-------- Material provided --------
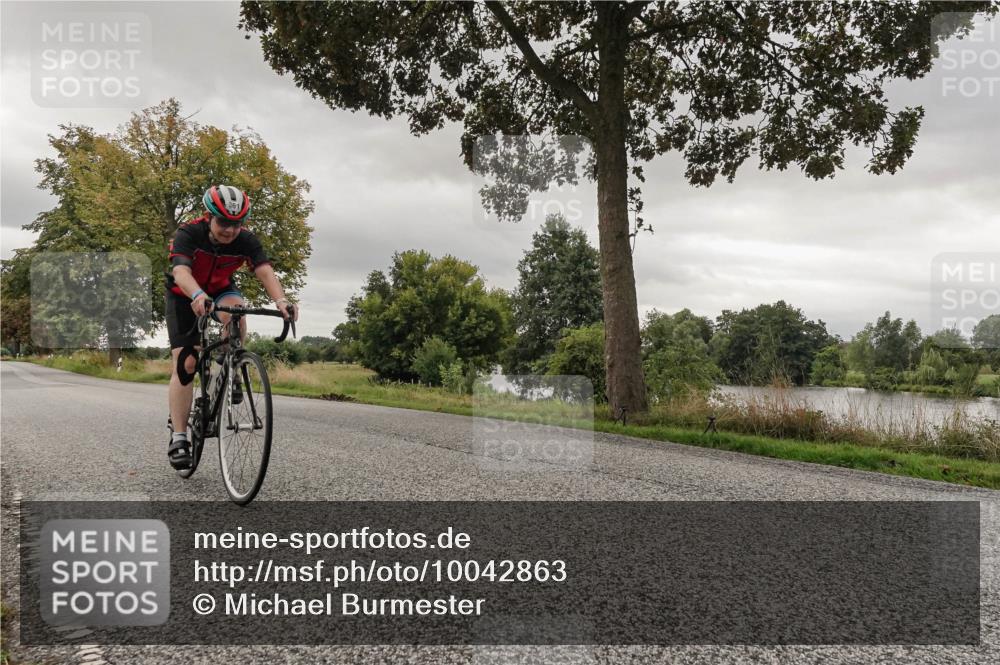 30.08.2026 - Elbe Triathlon Hamburg Michael Burmester http://msf.ph/oto/10042863 30.08.2026 09:15:45 Radfahren 263, 361, 445, 501 meine-sportfotos.de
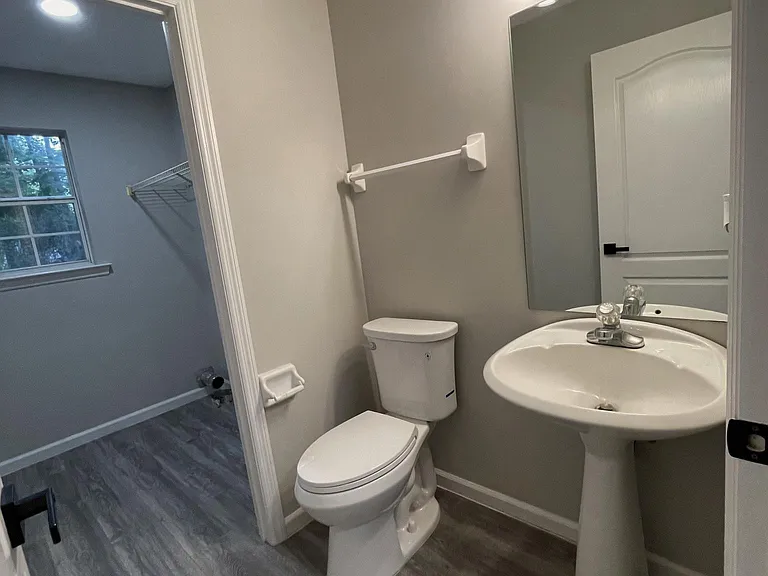 1661 Copperfield Cir — Photo 11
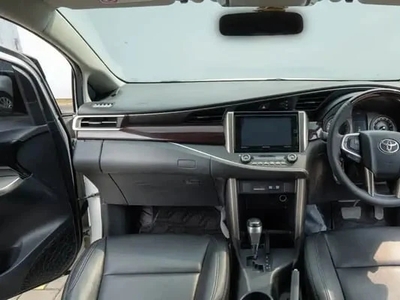 Toyota Kijang Innova Q 2016 Putih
--------
Every line above is to be written out unchanged, with the pictures omitted.

 30.08.2026 - Elbe Triathlon Hamburg Michael Burmester http://msf.ph/oto/10042863 30.08.2026 09:15:45 Radfahren 263, 361, 445, 501 meine-sportfotos.de
 1661 Copperfield Cir — Photo 11
 Toyota Kijang Innova Q 2016 Putih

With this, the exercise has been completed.